Order Of Worship (Liturgy)

Ps 121:1,4     

Ps 86:1,2

Ps 63:1,2,3

Ps 4:3

Ps 131:1,2,3

Hy 55:1,2,3,4,5

John 2:1-11

Jeremiah 33:4-11

Revelation 22:1-5

John 2:11

* As a matter of courtesy please advise Rev. C. Bouwman, if you plan to use this sermon in a worship service.   Thank-you.


Beloved Congregation of our Lord Jesus Christ!


By the good guidance and mercy of our God, we have come today to the first Sunday of the year 2010.  Our New Years celebrations are behind us, so that we can now cast our eyes forward to what the New Year will bring.  The details of the New Year are hidden from us, but we are aware that in this New Year we need again to “put our faith” in Jesus Christ.  As if to press that point upon us all, the Lord in His providence puts Jeremy on our path today as he wishes to profess before us all the faith God has worked in his heart.  His profession is equally our profession.

Who, though, is the Christ in whom we believe?  As we stand at the beginning of a New Year, what do we actually believe about Jesus Christ?  And how does that determine what the year before us will –or should– look like?

John answers such questions in the passage before us this morning.  Jesus, John tells us, has come to restore Paradise.  The disciples noticed that, and put their faith in Him.

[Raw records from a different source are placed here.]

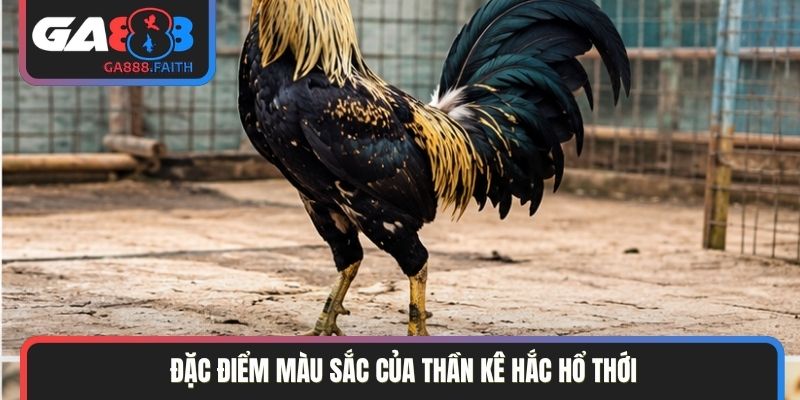 Đặc điểm màu sắc của thần kê hắc hổ thới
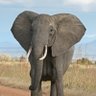 elephant 的头像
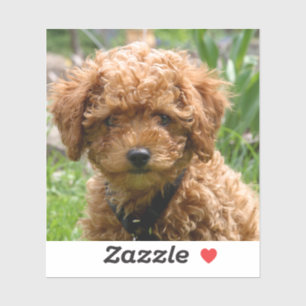 Tiny Red Toy Poodle Puppy Stickers Aufkleber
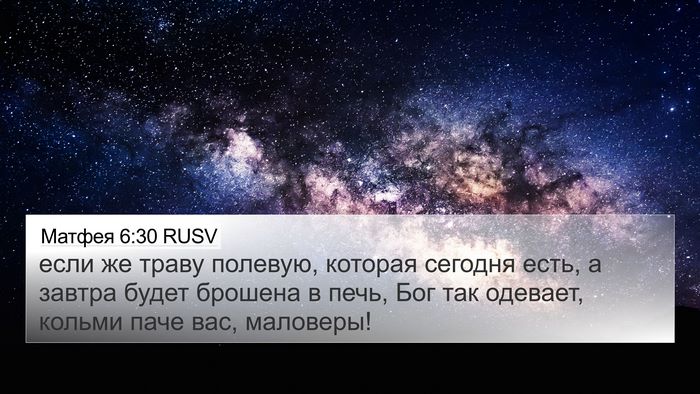 Матфея 6:30 RUSV Bible Verse Image
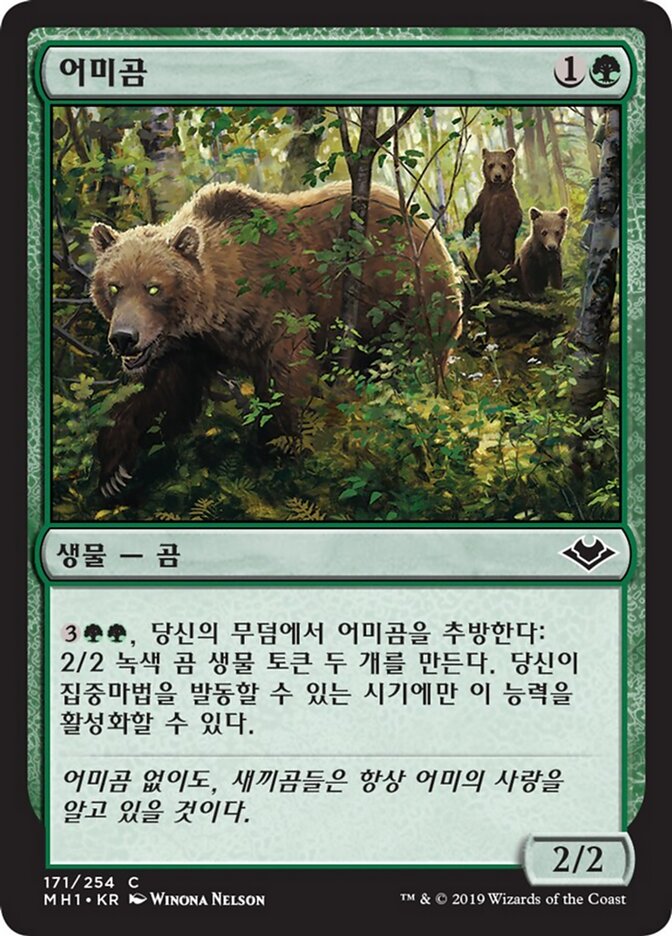 어미곰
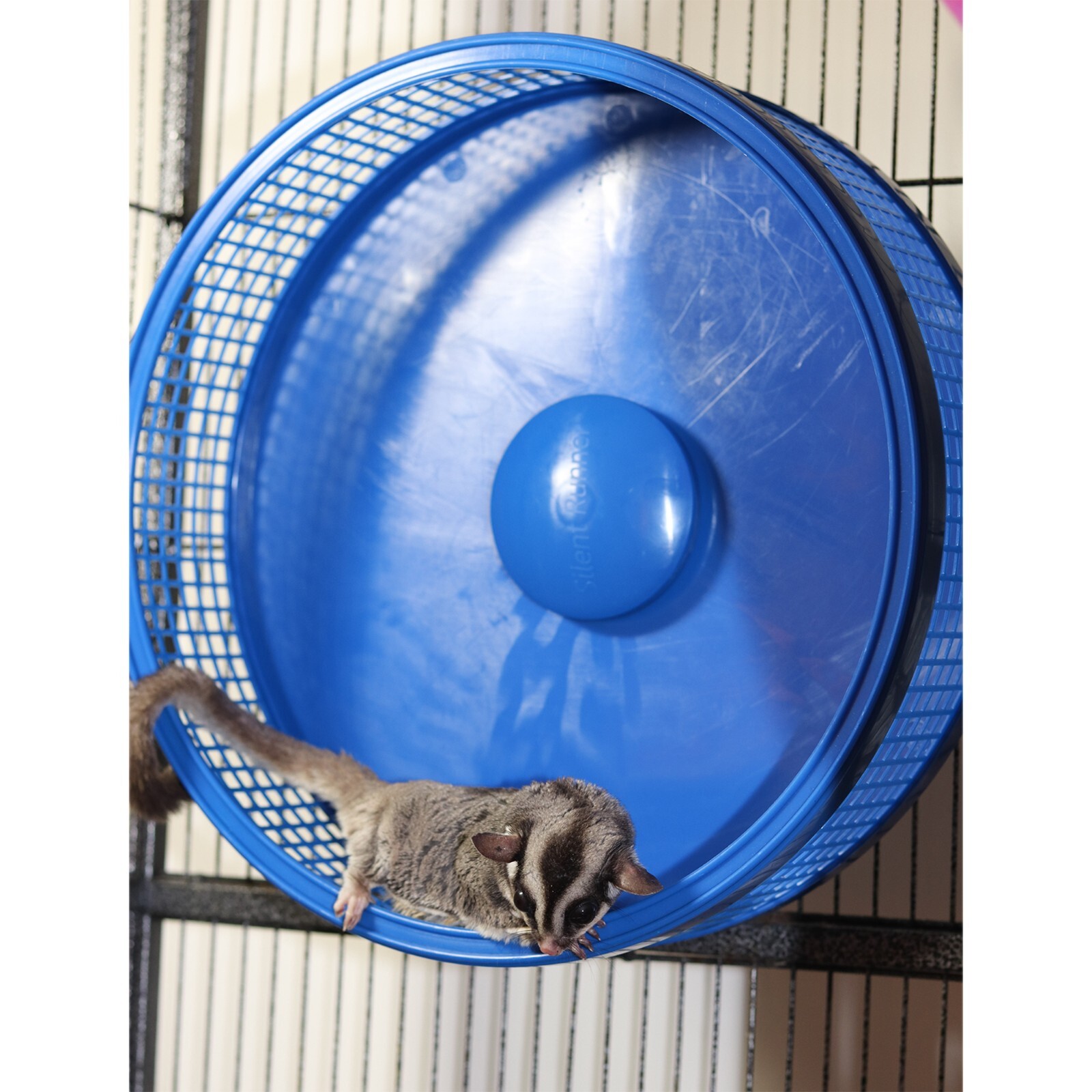 Silent Runner Pro Blue - Durable Pet Exercise Wheel with Cage Attachment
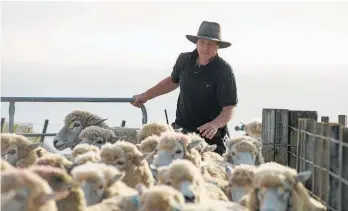  ?? ?? Federated Farmers national meat and wool chairman Toby Williams believes wool needs to be marketed to a generation “who are anti-plastic, anti-petroleum and anti-synthetics”.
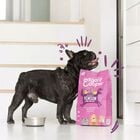Edgard & Cooper Dog Adult Cervo e Anatra 7 kg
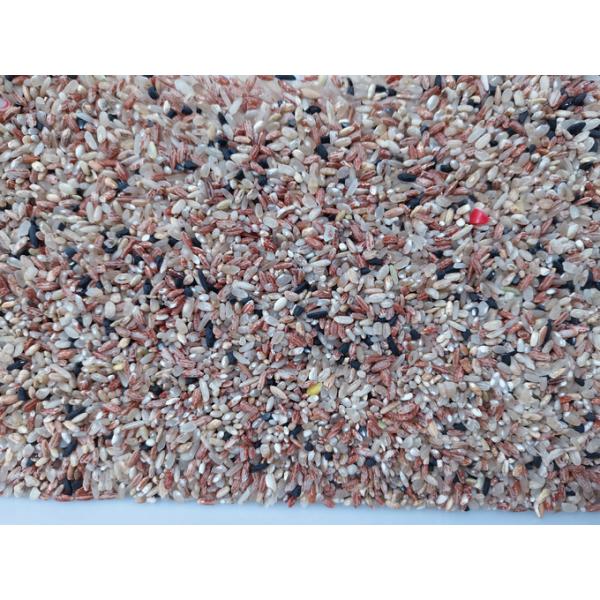 CCD Rice Color Sorter Machine RGB Background 2 Chutes AC220V / 50Hz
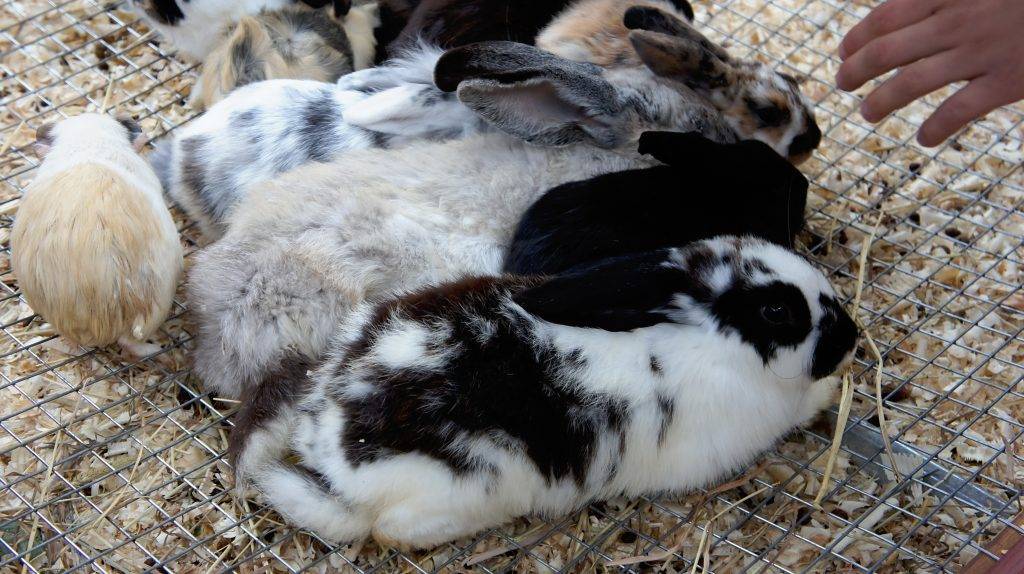 Агрессивный кролик: что делать? | информационный портал о карликовых и декоративных кроликах
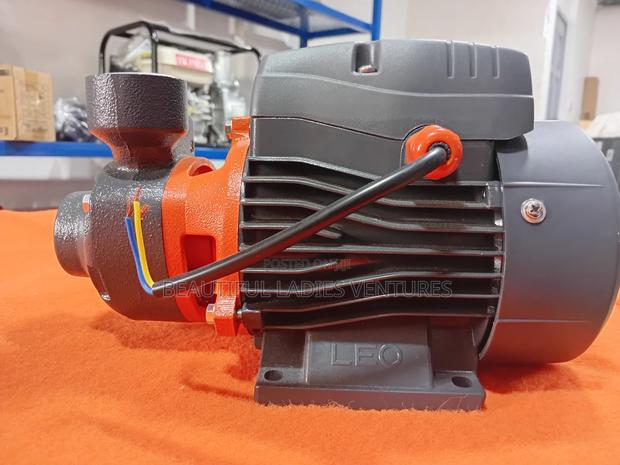 Leo Water Pump 0.5hp · Photo 2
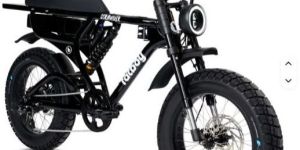 adults aluminum alloy frame 15ah lithium battery electric bike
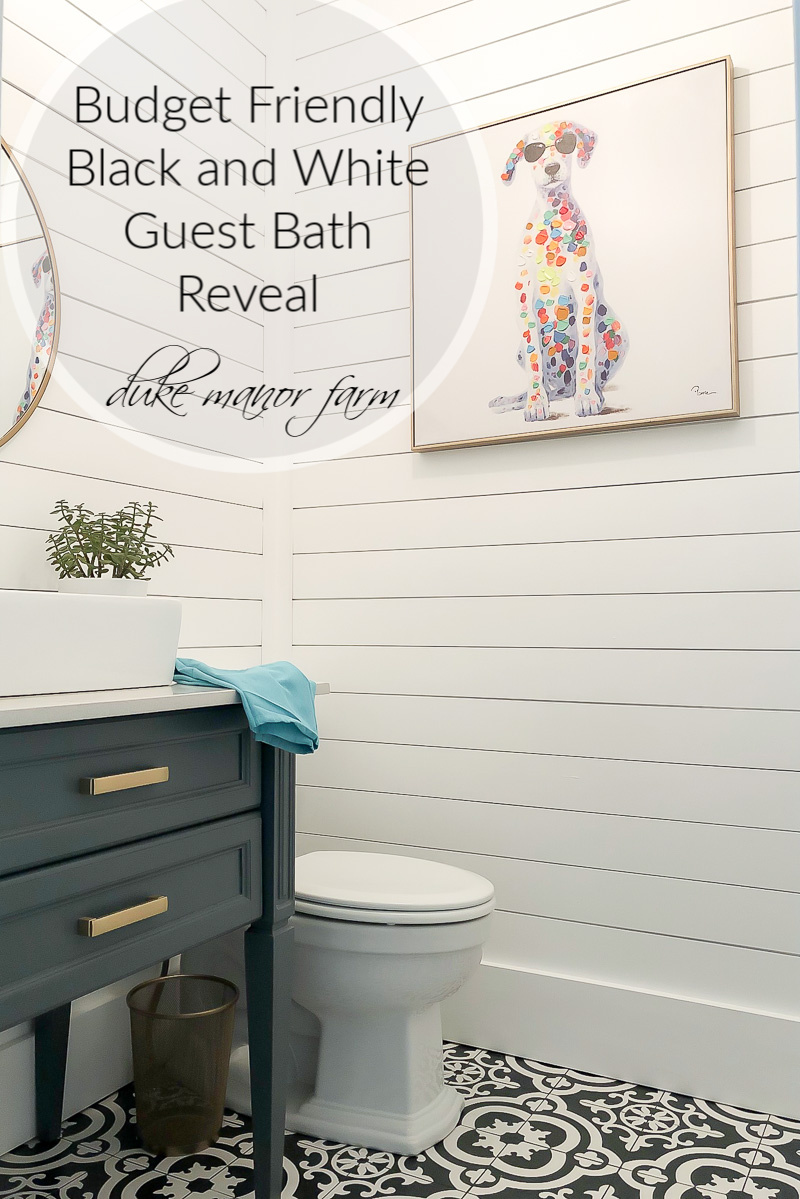 black and white bath reveal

I proclaim to you God’s Word this morning, using this theme:


  1. When Jesus did His first sign,
  2. What Jesus’ first sign was,
  3. Why Jesus did this sign first.

1.   When Jesus did His first sign

One can imagine the anxiety of the part of the Master of Ceremonies: the wineskins are empty!  For whatever reason –was it careless preparation?  Did more guests arrive than they counted on?  Did a skin or two burst?– for whatever reason the kitchen staff reported that there’s no more wine.  How in the world was one to celebrate a wedding without wine?!

                The problem was brought to Jesus’ attention: “They have no wine” (vs 3).   At His time He commanded the kitchen staff to fill the six stone water jars with water, and then instructed that some of the contents be drawn and presented to the Master of the Feast.  His face (we may imagine) lit up on account of the quality of the wine – and he in turn went to the bridegroom to express his indignation that the best wine had been saved for last.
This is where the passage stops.